(Material for this task)
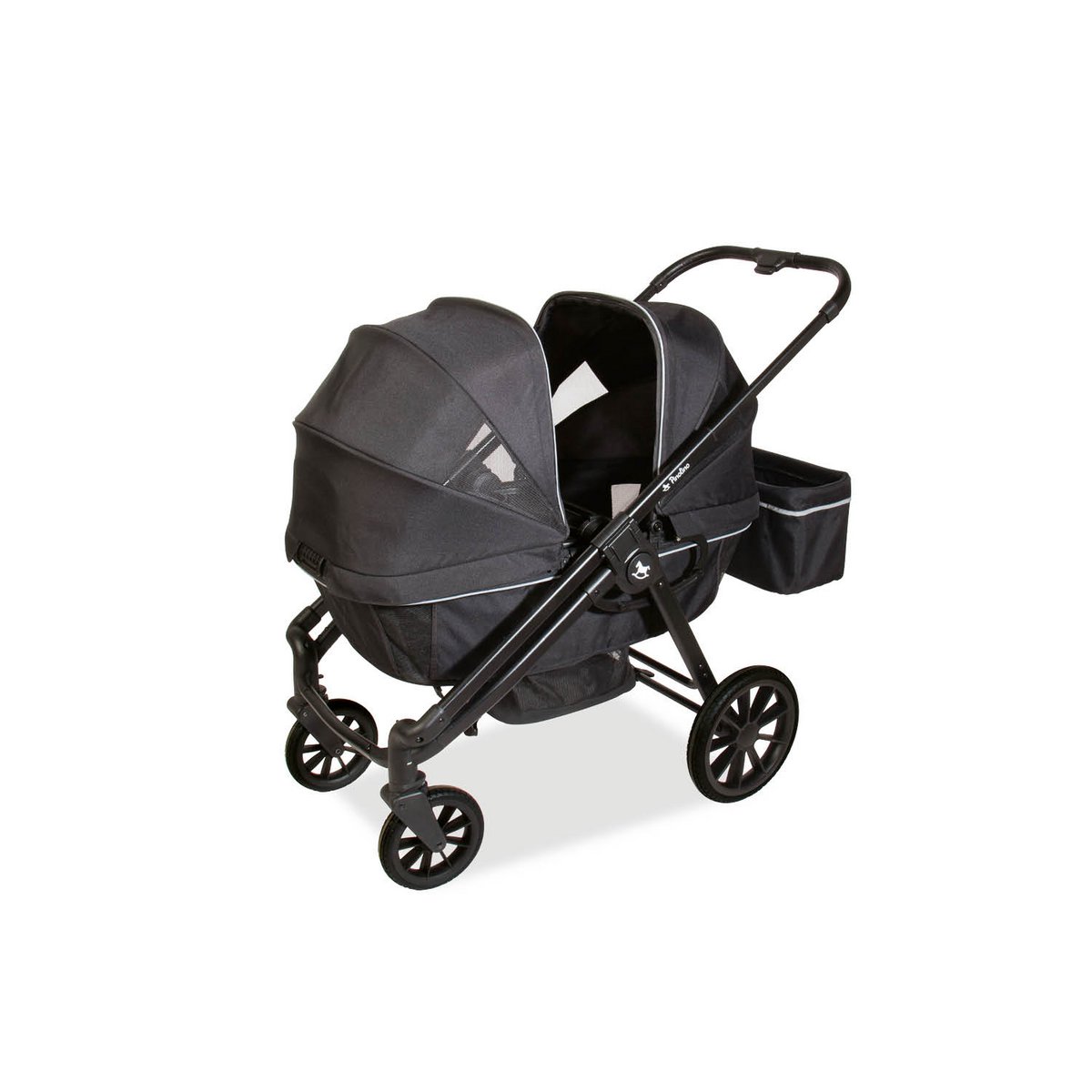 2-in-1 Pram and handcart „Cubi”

...

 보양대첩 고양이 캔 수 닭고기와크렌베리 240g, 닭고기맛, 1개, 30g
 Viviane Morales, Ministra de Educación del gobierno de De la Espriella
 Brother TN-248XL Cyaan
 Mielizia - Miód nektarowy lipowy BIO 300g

(Directions for this task)
For this exercise, please output exactly the lines above starting at the line with "Viviane Morales, Ministra" and ending at the line with "Mielizia - Miód nektarowy lipowy BIO 300g", ends included.

(Reply)
 Viviane Morales, Ministra de Educación del gobierno de De la Espriella
 Brother TN-248XL Cyaan
 Mielizia - Miód nektarowy lipowy BIO 300g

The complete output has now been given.